The effects of mandated wage floors, however, almost certainly go well beyond any potential impact on jobs. Two Federal Reserve Board economists, Lisa Dettling and Joanne Hsu, have produced the latest piece of research that takes a broader view of the minimum wage. They find that minimum-wage increases appear to have a large and beneficial impact on access to credit for low-income households.
In a working paper released last month, Dettling and Hsu use detailed data on credit card mailing offers, credit reports, and households’ use of “alternative financial services” (such as payday and pawnshop loans) to see how lenders and low-income workers respond to increases over the past decade and a half in the minimum wage across U.S. states and the District of Columbia.
Their statistical analysis suggests that a one-dollar increase in a state’s minimum wage leads to a substantial improvement in the credit situation facing workers in low-income households. Specifically, they find:
- Credit card offers increase by 7 percent
- Borrowing limits on credit card offers increase by between 5 percent and 10 percent
- Interest rate terms improve
- The number of credit cards held increases by 0.8 percent
- Delinquency rates fall by 7.2 percent (9 percent for borrowers with new cards)
- Use of “alternative financial services” falls by between 40 percent and 45 percent
These striking findings have at least two important implications for the policy debate around the minimum wage.

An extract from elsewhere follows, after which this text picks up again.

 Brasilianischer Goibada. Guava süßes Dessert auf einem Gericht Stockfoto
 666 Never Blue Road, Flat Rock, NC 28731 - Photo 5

First, cost-benefit analysis of the minimum wage should factor in the impact of the minimum wage outside of its consequences on the labor market. Some research has looked at the way higher wages at the bottom might boost employment by increasing consumer demand, but little research has looked at ways in which the minimum wage might affect credit markets. (An important exception is some earlier research by another group of economists at the Fed.) As Dettling and Hsu note: “our results hint that minimum wage policy could have persistent positive ripple effects on household welfare and financial health through…credit markets.”
Second, increases in the minimum wage may be a more effective tool in the fight against predatory forms of credit, including payday loans, rent-to-own plans, and pawn shops. Dettling and Hsu’s findings suggest that even relatively modest increases in the minimum wage may have a bigger impact on reducing demand for far more costly alternative financial services than other legislative approaches that are more directly aimed at restricting the supply of these same services.